# Image recognition algorithm: climate regions of streetview panoramas

In [None]:
import os
from main import make_labelled_dataframe
from source.training import train_model, build_model, build_dataset
from source.utils import prepare_dataframe_and_files_for_training, reset_images_position
import tensorflow as tf

##### Download the dataset from kaggle. You must use your personal username and key

In [None]:
!pip install opendatasets

In [None]:
import opendatasets

opendatasets.download(
    "https://www.kaggle.com/datasets/nikitricky/streetview-photospheres"
)

##### setup the directories and csv path (defaults should be correct)

In [None]:
main_dir = "streetview-photospheres"
img_dir = os.path.join(main_dir, "images")
csv_path = os.path.join(main_dir, "images.csv")
bad_img_dir = os.path.join(main_dir, "bad_images")
test_img_dir = os.path.join(main_dir, "test_images")

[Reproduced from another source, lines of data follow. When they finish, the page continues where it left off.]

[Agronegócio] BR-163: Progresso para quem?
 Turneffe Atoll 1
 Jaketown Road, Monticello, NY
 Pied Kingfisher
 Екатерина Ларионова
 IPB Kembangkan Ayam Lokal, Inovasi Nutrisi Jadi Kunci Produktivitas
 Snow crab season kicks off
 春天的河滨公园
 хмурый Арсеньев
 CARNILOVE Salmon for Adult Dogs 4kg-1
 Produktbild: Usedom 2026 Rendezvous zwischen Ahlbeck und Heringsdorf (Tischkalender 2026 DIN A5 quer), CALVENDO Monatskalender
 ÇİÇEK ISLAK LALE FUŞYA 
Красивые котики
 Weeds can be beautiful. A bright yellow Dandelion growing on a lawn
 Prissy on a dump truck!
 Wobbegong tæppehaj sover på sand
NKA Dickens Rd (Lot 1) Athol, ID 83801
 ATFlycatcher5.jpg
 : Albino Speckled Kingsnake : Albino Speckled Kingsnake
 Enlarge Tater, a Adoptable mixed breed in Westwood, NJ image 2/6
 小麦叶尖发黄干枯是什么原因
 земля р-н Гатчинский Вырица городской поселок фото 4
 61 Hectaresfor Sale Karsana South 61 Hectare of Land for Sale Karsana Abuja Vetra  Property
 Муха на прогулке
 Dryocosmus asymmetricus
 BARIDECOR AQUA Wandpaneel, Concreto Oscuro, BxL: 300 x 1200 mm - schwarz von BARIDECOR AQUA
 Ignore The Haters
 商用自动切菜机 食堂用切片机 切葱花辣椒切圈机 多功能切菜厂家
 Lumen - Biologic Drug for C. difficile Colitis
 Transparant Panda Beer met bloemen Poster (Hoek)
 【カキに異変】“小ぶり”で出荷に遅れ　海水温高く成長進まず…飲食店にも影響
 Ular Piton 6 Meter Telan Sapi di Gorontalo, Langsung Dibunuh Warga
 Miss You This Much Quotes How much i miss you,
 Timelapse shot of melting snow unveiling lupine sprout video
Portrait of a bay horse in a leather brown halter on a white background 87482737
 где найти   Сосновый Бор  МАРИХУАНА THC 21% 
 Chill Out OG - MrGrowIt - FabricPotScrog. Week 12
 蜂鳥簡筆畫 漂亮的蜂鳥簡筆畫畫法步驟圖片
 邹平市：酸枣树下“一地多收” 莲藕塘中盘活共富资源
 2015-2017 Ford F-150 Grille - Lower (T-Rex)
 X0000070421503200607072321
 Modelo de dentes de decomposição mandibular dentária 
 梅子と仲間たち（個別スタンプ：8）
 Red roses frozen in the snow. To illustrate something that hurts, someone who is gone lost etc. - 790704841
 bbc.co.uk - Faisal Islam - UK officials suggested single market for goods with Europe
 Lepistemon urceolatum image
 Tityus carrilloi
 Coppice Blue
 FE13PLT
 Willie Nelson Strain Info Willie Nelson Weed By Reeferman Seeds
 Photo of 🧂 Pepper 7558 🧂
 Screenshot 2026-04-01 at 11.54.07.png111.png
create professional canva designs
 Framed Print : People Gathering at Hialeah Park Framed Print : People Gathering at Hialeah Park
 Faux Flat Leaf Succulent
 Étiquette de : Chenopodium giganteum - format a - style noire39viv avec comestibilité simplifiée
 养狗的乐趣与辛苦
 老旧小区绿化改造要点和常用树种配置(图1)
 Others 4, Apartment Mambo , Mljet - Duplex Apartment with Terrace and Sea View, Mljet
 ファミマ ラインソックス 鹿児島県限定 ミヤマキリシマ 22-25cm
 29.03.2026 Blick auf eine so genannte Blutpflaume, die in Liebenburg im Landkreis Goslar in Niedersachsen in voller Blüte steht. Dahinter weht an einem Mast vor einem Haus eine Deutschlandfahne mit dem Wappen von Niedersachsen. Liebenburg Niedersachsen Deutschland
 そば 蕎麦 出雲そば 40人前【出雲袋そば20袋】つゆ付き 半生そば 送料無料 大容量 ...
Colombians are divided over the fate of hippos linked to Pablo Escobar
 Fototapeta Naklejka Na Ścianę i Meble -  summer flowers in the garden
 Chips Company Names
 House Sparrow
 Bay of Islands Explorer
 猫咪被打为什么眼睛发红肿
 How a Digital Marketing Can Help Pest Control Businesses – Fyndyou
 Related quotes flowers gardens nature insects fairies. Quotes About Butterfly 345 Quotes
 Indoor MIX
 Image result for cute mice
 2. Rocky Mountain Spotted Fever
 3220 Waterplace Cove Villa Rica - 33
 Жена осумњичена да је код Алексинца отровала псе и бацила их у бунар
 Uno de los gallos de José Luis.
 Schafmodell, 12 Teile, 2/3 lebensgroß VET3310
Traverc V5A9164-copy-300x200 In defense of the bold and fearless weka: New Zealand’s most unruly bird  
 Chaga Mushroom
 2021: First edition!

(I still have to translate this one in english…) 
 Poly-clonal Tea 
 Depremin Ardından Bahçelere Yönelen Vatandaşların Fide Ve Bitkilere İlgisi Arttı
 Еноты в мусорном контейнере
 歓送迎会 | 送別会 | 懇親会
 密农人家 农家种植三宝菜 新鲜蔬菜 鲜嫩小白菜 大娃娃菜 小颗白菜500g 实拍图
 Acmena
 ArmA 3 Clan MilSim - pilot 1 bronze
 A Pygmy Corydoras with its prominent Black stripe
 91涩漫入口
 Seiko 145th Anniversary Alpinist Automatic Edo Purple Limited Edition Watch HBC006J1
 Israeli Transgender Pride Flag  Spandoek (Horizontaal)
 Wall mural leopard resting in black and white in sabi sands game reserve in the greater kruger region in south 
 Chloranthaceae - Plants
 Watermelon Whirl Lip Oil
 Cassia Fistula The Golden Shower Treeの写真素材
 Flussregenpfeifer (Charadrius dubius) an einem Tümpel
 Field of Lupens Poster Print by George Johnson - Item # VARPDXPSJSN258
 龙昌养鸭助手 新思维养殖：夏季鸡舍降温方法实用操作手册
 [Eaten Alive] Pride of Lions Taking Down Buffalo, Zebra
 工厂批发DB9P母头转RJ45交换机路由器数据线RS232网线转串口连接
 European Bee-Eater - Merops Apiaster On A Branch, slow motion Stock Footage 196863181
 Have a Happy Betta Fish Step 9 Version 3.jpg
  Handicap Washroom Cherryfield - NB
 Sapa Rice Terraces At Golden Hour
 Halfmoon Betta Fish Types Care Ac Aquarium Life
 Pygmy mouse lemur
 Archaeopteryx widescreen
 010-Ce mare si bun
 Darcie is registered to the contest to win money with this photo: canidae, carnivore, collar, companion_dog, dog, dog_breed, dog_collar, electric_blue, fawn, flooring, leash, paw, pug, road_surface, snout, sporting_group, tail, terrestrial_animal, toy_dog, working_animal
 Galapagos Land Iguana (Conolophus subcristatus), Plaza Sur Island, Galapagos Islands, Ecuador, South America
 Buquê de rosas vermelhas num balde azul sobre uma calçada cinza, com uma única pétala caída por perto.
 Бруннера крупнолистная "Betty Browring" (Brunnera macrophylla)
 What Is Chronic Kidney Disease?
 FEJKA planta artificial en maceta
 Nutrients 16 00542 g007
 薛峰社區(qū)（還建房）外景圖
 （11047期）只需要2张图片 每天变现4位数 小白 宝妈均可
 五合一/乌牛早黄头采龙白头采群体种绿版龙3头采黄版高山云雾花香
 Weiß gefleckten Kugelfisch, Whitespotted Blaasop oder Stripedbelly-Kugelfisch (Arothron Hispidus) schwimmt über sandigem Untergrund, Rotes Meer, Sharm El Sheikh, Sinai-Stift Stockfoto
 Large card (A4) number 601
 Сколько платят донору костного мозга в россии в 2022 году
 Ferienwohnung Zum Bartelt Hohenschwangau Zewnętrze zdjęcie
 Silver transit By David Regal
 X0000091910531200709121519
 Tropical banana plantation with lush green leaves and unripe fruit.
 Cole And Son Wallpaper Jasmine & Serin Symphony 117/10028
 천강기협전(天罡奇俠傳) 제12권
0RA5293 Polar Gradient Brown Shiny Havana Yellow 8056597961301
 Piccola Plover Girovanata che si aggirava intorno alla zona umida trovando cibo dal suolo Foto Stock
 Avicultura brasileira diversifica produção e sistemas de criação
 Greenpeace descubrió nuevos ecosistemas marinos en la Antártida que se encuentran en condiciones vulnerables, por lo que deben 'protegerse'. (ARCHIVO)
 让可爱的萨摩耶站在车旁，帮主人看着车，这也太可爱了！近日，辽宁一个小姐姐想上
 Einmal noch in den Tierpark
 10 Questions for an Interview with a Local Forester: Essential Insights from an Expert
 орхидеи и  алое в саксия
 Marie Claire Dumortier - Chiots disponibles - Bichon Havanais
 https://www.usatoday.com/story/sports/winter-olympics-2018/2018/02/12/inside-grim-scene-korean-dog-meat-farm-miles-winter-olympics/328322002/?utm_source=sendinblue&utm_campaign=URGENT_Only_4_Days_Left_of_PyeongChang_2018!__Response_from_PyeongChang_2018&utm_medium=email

##### setup the checkpoint directory (here we use google drive)

In [None]:
from google.colab import drive
drive.mount('/content/drive')

In [None]:
checkpoint_dir = "/content/drive/MyDrive/checkpoints/"

(optional) reset image file positions if you have already run the code before

In [None]:
reset_images_position(img_dir, bad_img_dir, test_img_dir)

##### create the dataframe with images and labels

In [None]:
# you can choose the dataframe keys for the label and file names
label_key = "label"
file_name_key = "file_name"
df, name_dict = make_labelled_dataframe(csv_path, img_dir, label_key, file_name_key)

##### choose your labels (they should have a reasonably high number of entries)

In [None]:
chosen_labels = [5, 17, 16, 19, 4, 39, 38, 3, 36, 14]
num_classes = len(chosen_labels)

##### choose how many images to use for training for each label (excess images will be used later for testing)

In [None]:
samples_per_label = 5000

##### choose seed, model name (used for saved files with results)

In [None]:
seed = 42
model_name = "modellino"

In [None]:
df_good, df_test = prepare_dataframe_and_files_for_training(
    df,
    chosen_labels,
    file_name_key,
    label_key,
    img_dir,
    bad_img_dir,
    test_img_dir,
    samples_per_label,
    seed,
)

##### training and validation datasets

In [None]:
tra_ds, val_ds = build_dataset(img_dir,df_good,label_key,shuffle=True,seed=seed, validation_split=0.2)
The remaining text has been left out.